Less than 18% of the users churned.

`driving_days` vs. `activity_days`

Because both driving_days and activity_days represent counts of days over a month and they’re also closely related, you can plot them together on a single histogram. This will help to better understand how they relate to each other without having to scroll back and forth comparing histograms in two different places.
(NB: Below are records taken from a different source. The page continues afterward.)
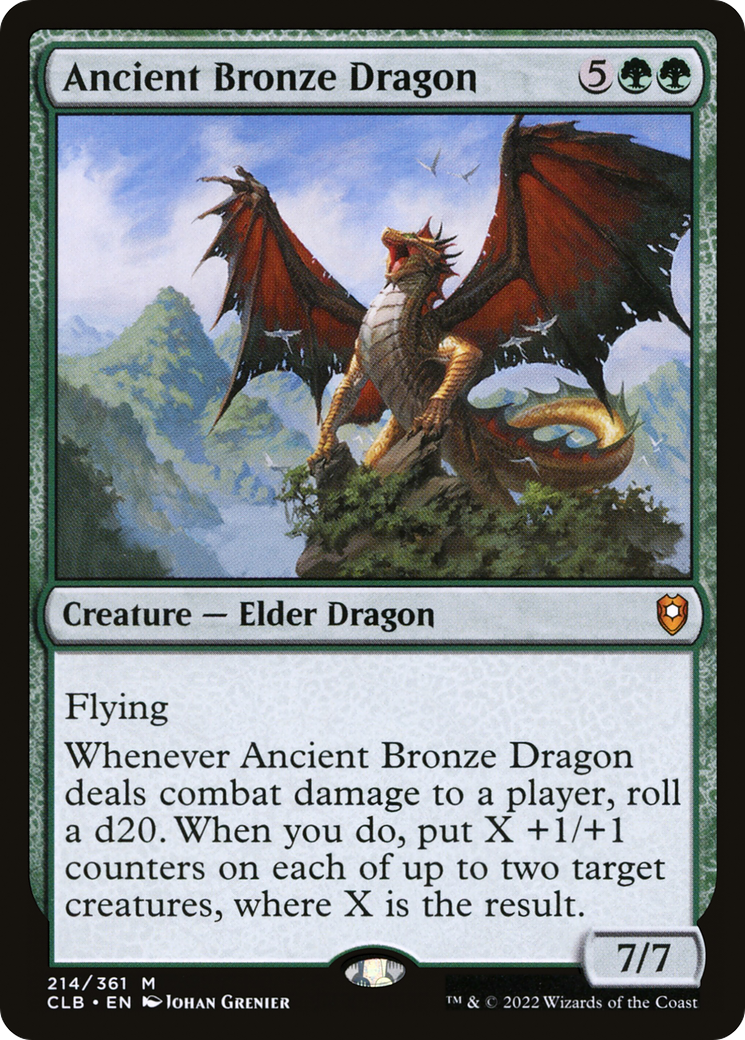 Ancient Bronze Dragon (CLB-214) [Commander Legends: Battle for Baldur's Gate] Foil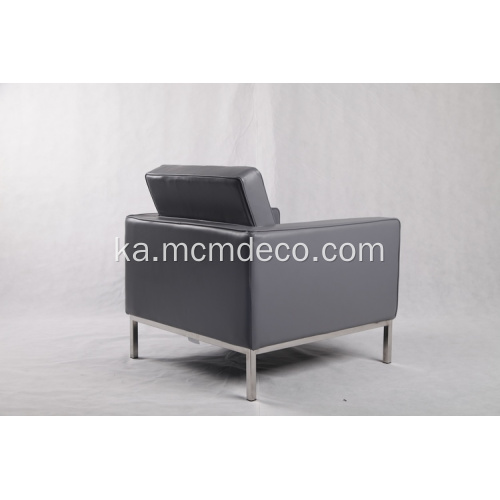 რუხი ტყავის Knoll Sofa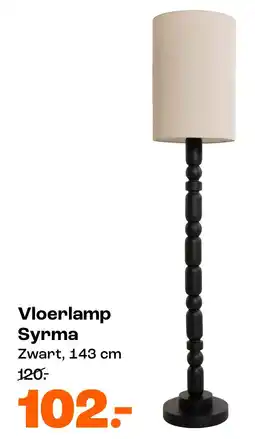 Kwantum Vloerlamp Syrma aanbieding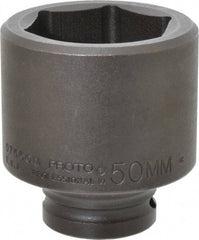 Proto - 3/4" Drive 50mm Standard Impact Socket - 6 Points, 3-7/64" OAL - Benchmark Tooling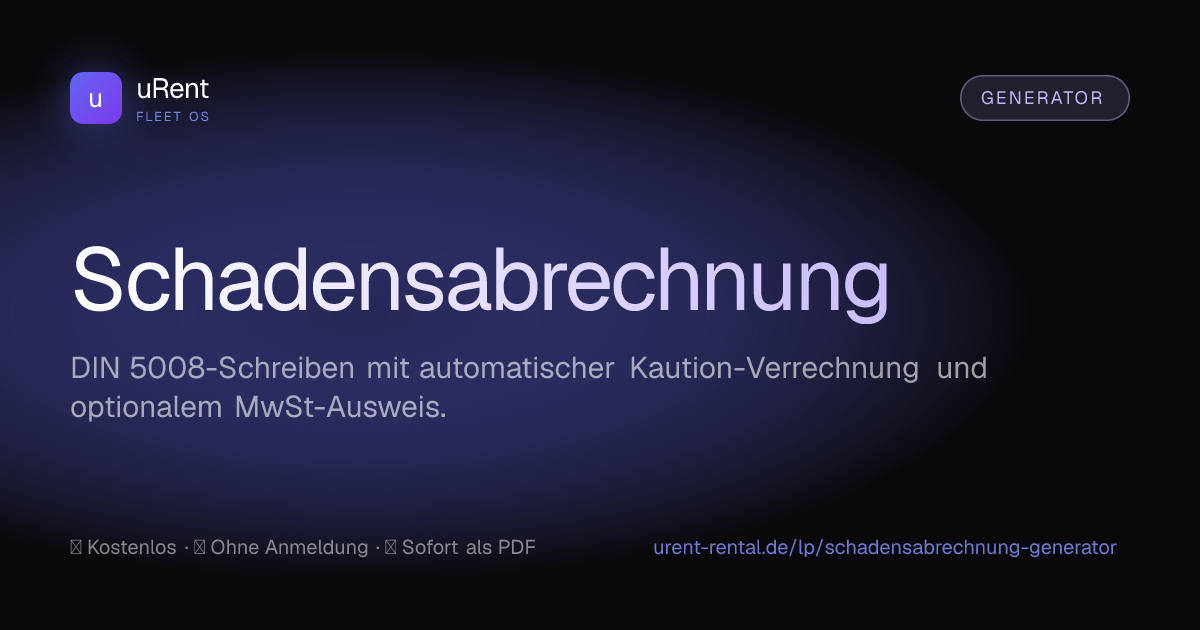 Schadensabrechnung-Generator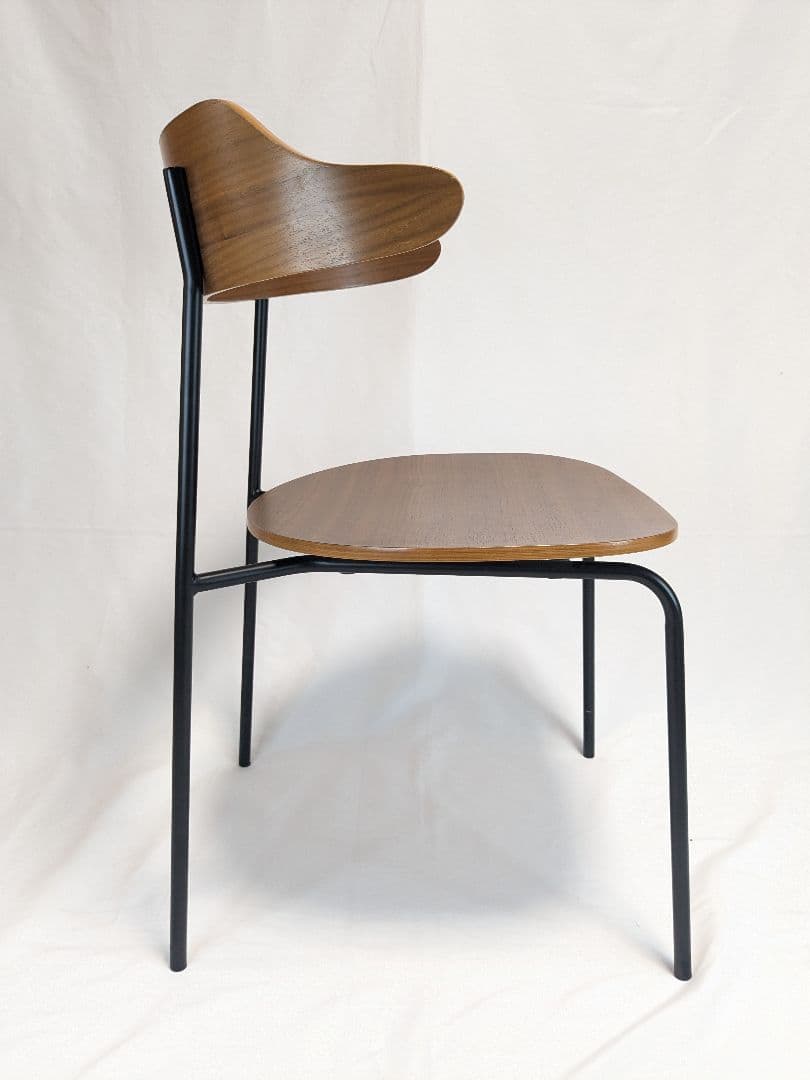 美品 関家具 KAPELL カペル オーク 板座 アイアン　ダイニングチェア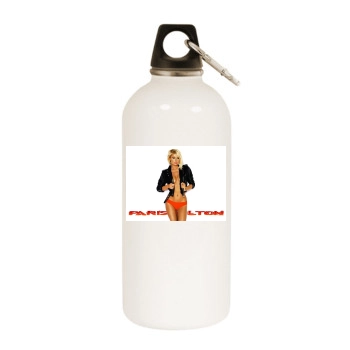 Paris Hilton White Water Bottle With Carabiner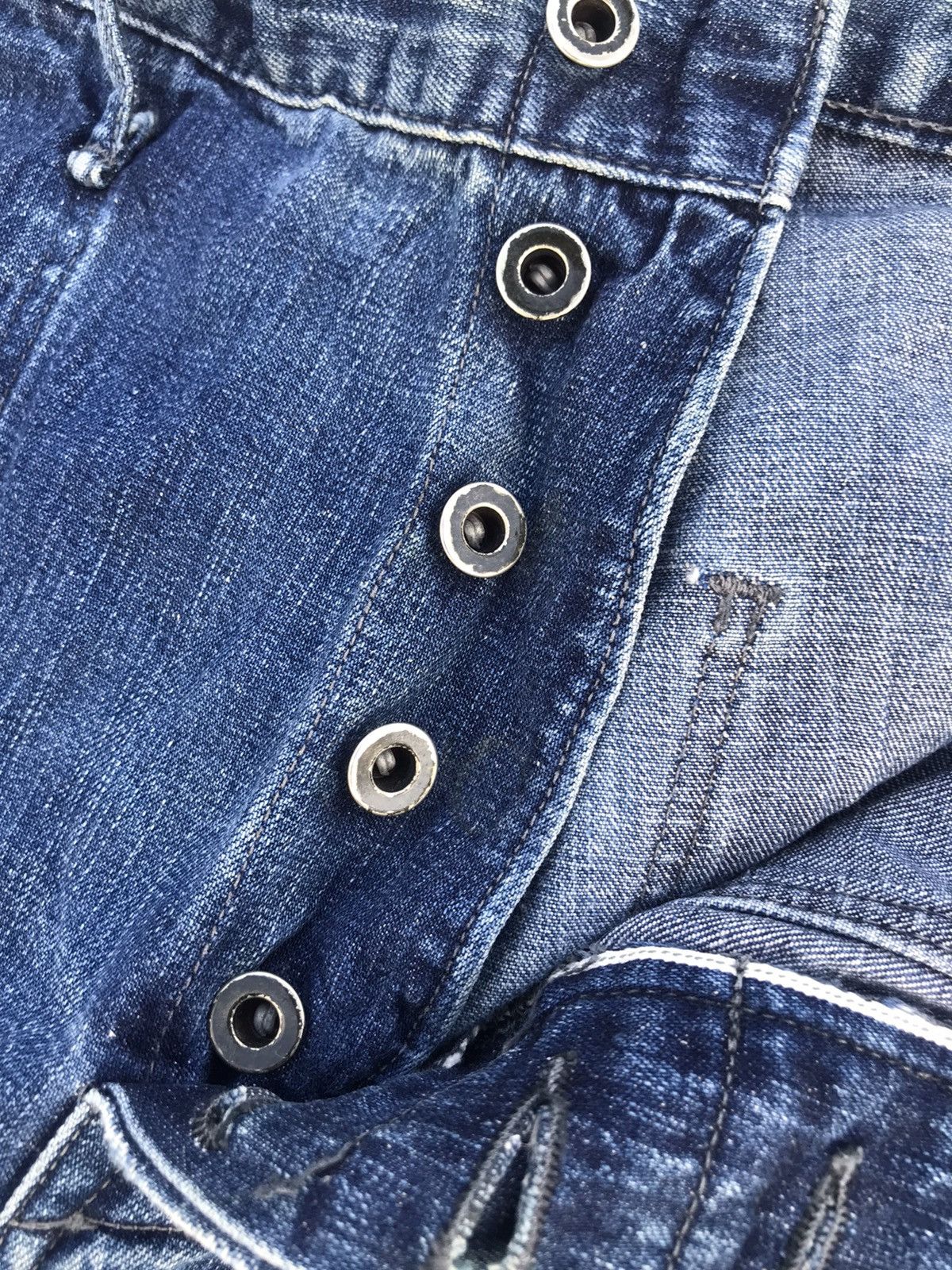 Japanese Brand × Orslow 🔥BEST OFFER🔥Orslow distressed denim jeans Size US 31 - 7 Thumbnail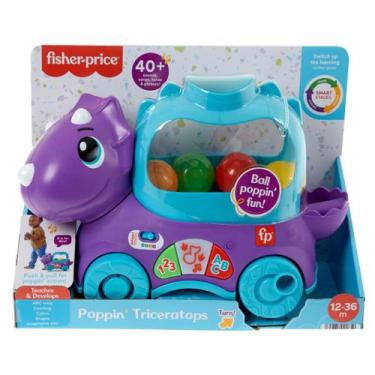Imagem de Dino bolinhas divertidas fisher price - mattel hnr49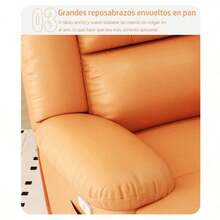 Sofá de masaje eléctrico multifuncional con carga USB, balanceo de 270 grados y posiciones ajustables para sentarse y reclinarse. Moderno y cómodo sillón reclinable individual para sala de estar. - Blanco - Ver 8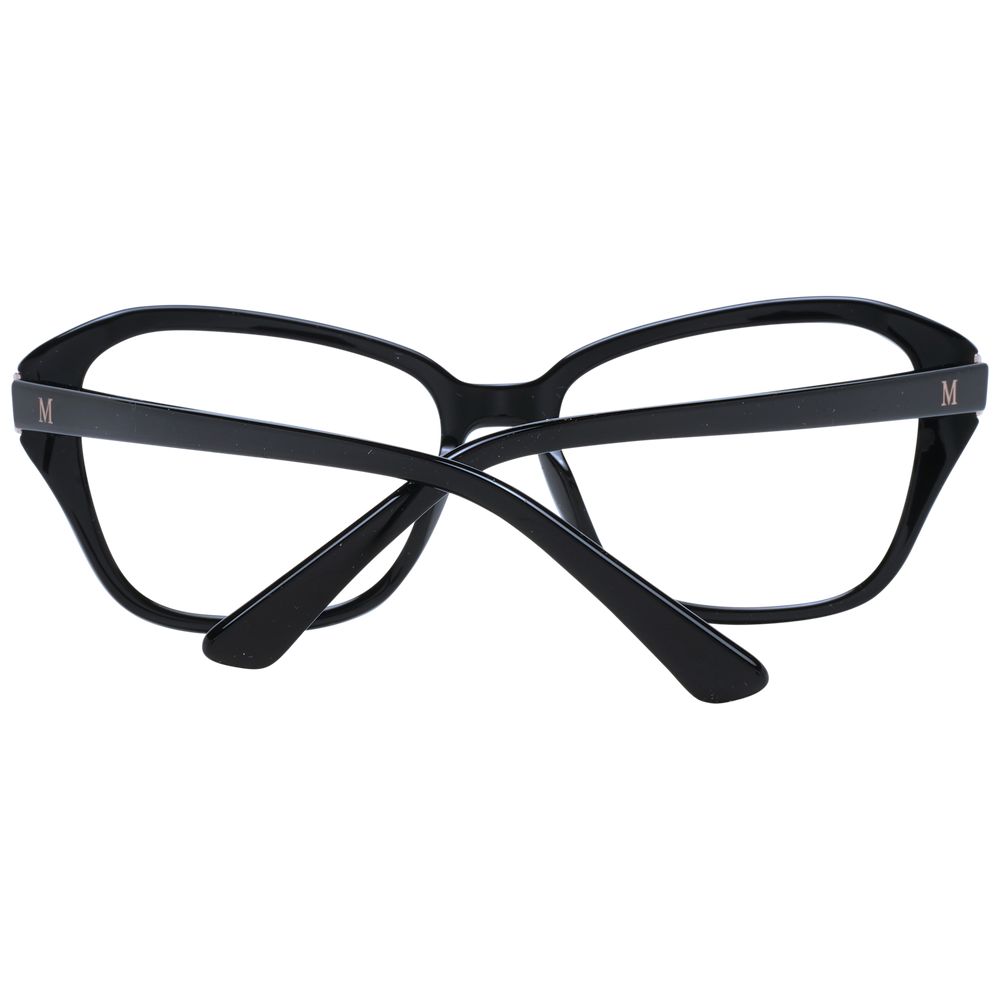 Eyeglasses Frames by Marciano by Guess for women in plastic and black showcases a refined silhouette, detailed with a black coloured frame finish and a sophisticated full-frame frame design.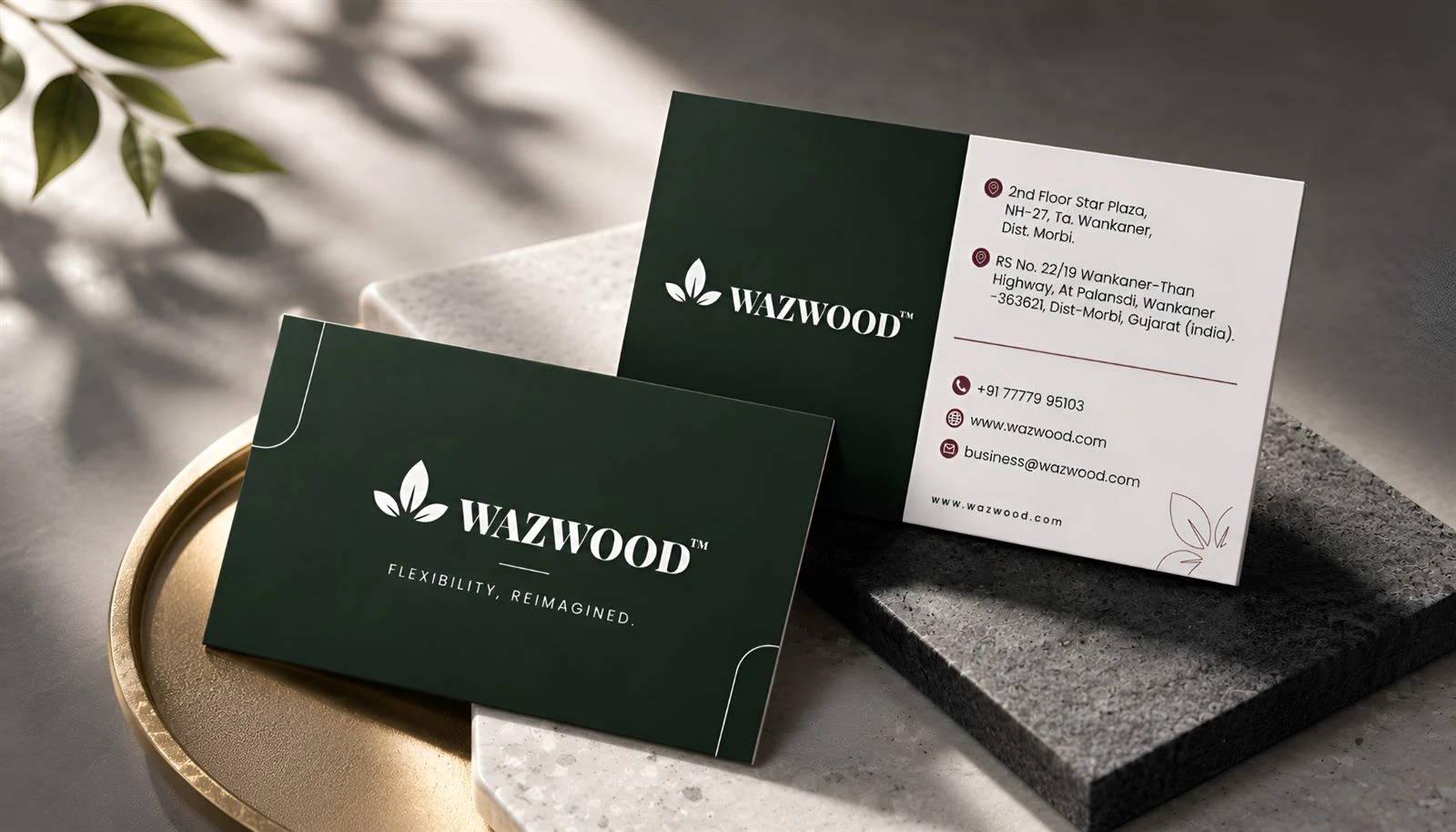 Wazwood Brand Identity work by Safar Spectrum Media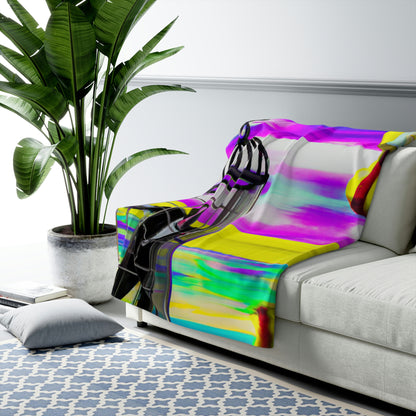 "A Prison of Brilliant Colors" - The Alien Sherpa Fleece Blanket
Plot a histogram that, for each day, has a bar representing the counts of driving_days and user_days.

Code

# Histogram
plt.figure(figsize=(12,4))
label=['driving days', 'activity days']
plt.hist([df['driving_days'], df['activity_days']],
         bins=range(0,33),
         label=label)
plt.xlabel('days')
plt.ylabel('count')
plt.legend()
plt.title('driving_days vs. activity_days');

As observed previously, this might seem counterintuitive. After all, why are there fewer people who didn’t use the app at all during the month and more people who didn’t drive at all during the month?

On the other hand, it could just be illustrative of the fact that, while these variables are related to each other, they’re not the same. People probably just open the app more than they use the app to drive—perhaps to check drive times or route information, to update settings, or even just by mistake.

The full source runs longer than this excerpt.